/---
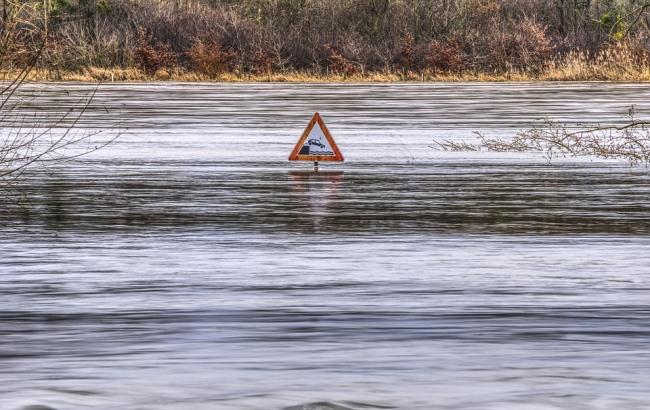 "За хлібом плавали на човнах": жителі Чернігівської області побоюються масштабного паводку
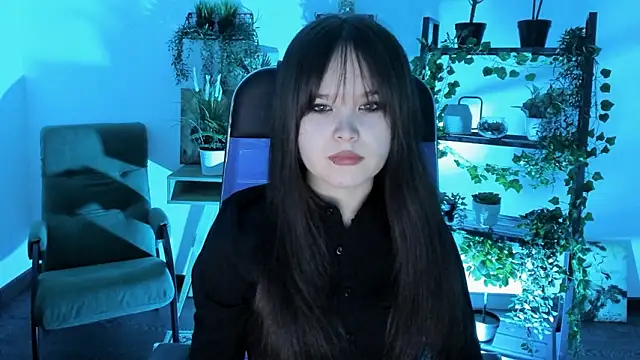 Elainebeness online show from 03/17/26, 07:06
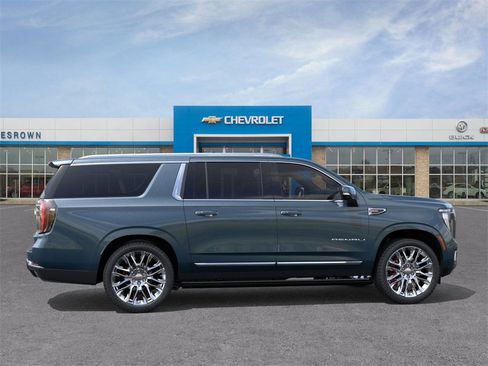 New 2026 GMC Yukon XL Denali w/ Denali Reserve Package image 5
\---
Exercise directions: Transcribe the listing in full. Omit the pictures and keep every line exact.

Result below:
 "За хлібом плавали на човнах": жителі Чернігівської області побоюються масштабного паводку
 Elainebeness online show from 03/17/26, 07:06
 New 2026 GMC Yukon XL Denali w/ Denali Reserve Package image 5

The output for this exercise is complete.